GRAND JURY AWARD WINNER - 2007 CINEVEGAS

“LOOK” (2007)

Starring: Hayes McArthur, Giuseppe Andrews, Miles Dougal, Jamie McShane, Spencer Redford & Rhys Coiro
Written & Directed by Adam Rifkin
Trailer

Polly Staffle Rating: ****

After the world premiere of “LOOK” at the 2007 CineVegas Film Festival, writer and director Adam Rifkin said the idea for his Grand Jury prize winner came to him when he ran a red light and was mailed a ticket.

“When the picture came back, I was making a silly face,” Rifkin said. “I thought it was kind of embarrassing.” That got him to thinking about other places where he is unknowingly photographed. “You walk through a department store, there’s 50 cameras on you,” Rifkin said. “All that footage, that’s coverage. I could cut that into a scene of me shopping. It’d be a boring scene, but that’s what moviemaking is, different shots put together to tell a story.”

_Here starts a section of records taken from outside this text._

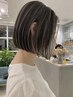 【白髪ぼかしハイライト】カット＋ハイライトカラー＋トリートメント/一宮
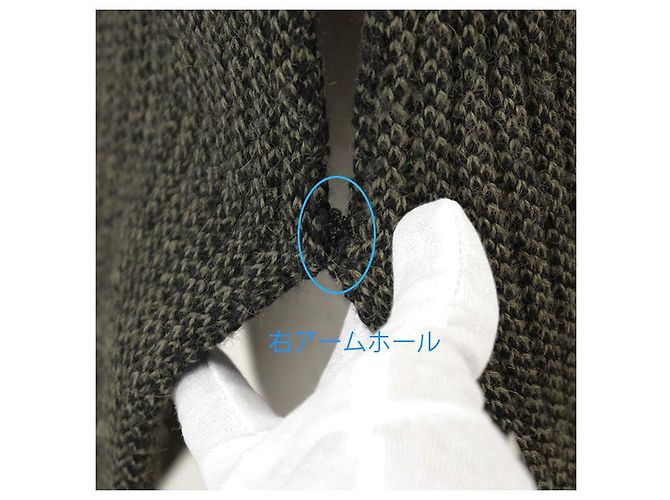 Poncho de punto de lana de alpaca Gucci Verde - vista 9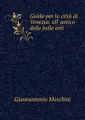 Guida per la citta di Venezia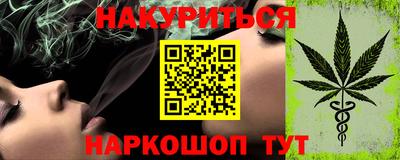 мдма Славянск-на-Кубани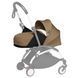 Колыбель компактный Stokke&reg; YOYO&reg; Toffee (646208)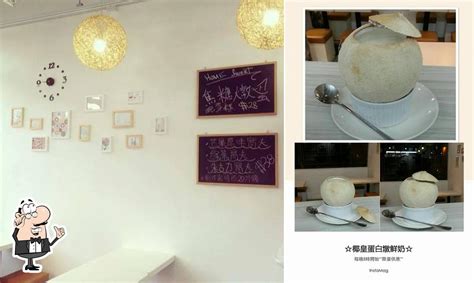 Home Sweet Restaurant Hong Kong Kin Tak St Restaurant Reviews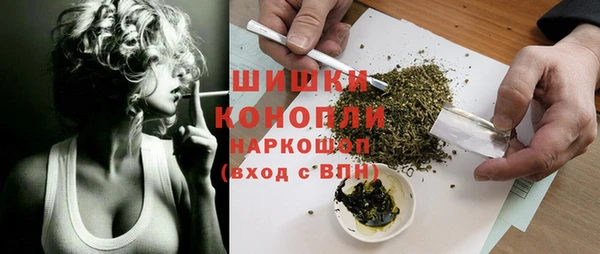 дурь Пролетарск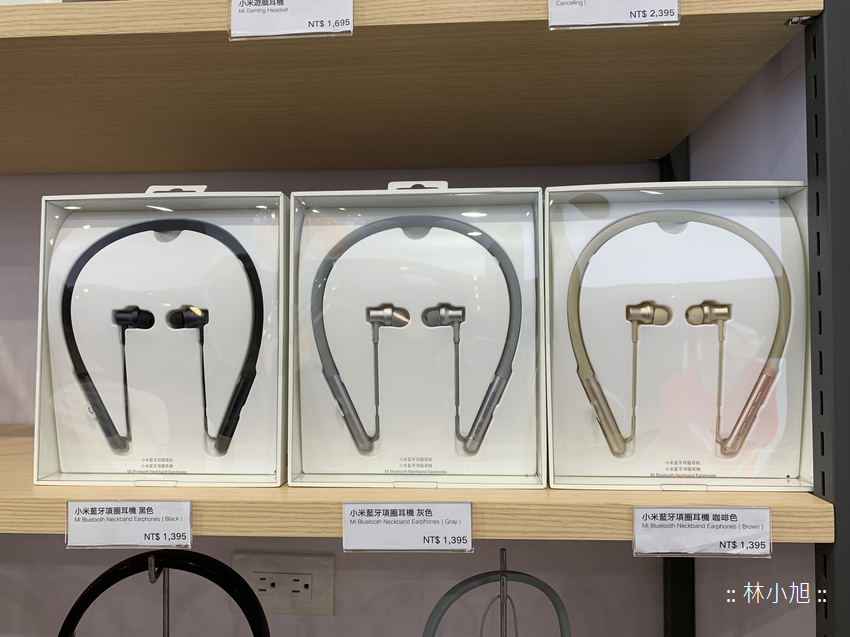 米粉注意 小米專賣店進駐新光三越台北南西三館 台中中港店及台南新天地小西門 Ifans 林小旭 痞客邦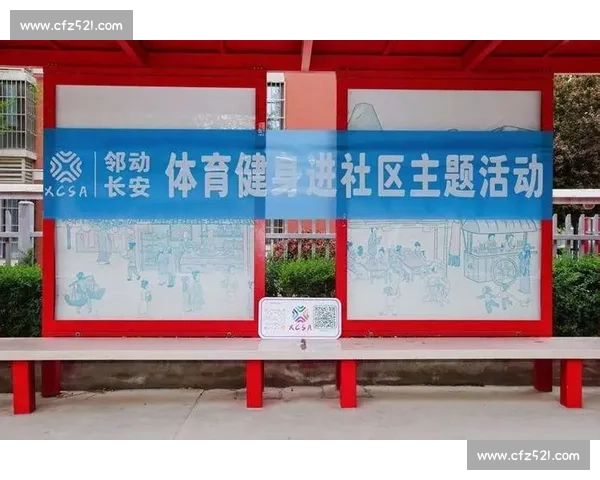 以社区体育为核心推动全民健康生活方式创新发展路径研究实践与机制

Since Americans are reportedly captured as much as 200 times a day by the 30 million surveillance cameras that surround us, a silly face probably isn’t the worst of it. “LOOK” gives us a chance to take a peek at what some of these cameras may possibly be filming. Shot completely from the point of view of cameras in malls, dressing rooms, school parking lots, ATM machines, grocery stores, cop cars, elevators, offices, storage rooms and cell phones, “LOOK” interweaves several storylines that represent a random week in a big city.

The results are simply brilliant. It’s as if Rifkin is sitting behind a master control piecing all the footage together for our dirty voyeuristic eyes. This feels like the real deal. Sure, if it was as simple as Rifkin makes it appear, there would be whole cable channels featuring live surveillance feeds.

The truth is it would actually take a hell of a long time to get the number of funny, sexy, shocking and moving moments that crisscross through the powerful stories that make up Rifkin’s film. Likewise, if the footage was taken from real surveillance cameras, there would be no audio and the video would be in worse condition than we see here. Though Rifkin said he initially toyed with the idea of shooting his film with actual closed-circuit cameras, his final product was shot in HD and degraded in post production.

That’s all part of what makes this film so beautiful. It’s not a true reality film, but it is a genuine representation of it. This isn’t a documentary and it doesn’t pretend to be, but it feels more true to life than the fake ass programs that populate prime time television. Rifkin’s film, like life, is at times quite funny. Other times it is sad. Sometimes the film can move from one emotion to the other in a matter of seconds. Twice I caught myself laughing as a situation was unfolding and then abruptly having to stop my laughter as light hearted turned dead serious. No movie before this has been able to capture that quite like Rifkin does.

Humor isn’t the only way Rifkin toys with our emotions. He has a number of tricks up his sleeve. The character in “LOOK” that I felt the most sympathy for early on, ends up being the biggest creep in the film. Rifkin also opens the film with two women in a dressing room. We watch as the two friends undress, try on outfits and playfully flirt with each other. Then we find out the characters are 15-year-old girls. It’s at this point that every adult male viewer in the audience that hasn’t already felt so, feels like a complete pervert and is probably a little ashamed of themselves.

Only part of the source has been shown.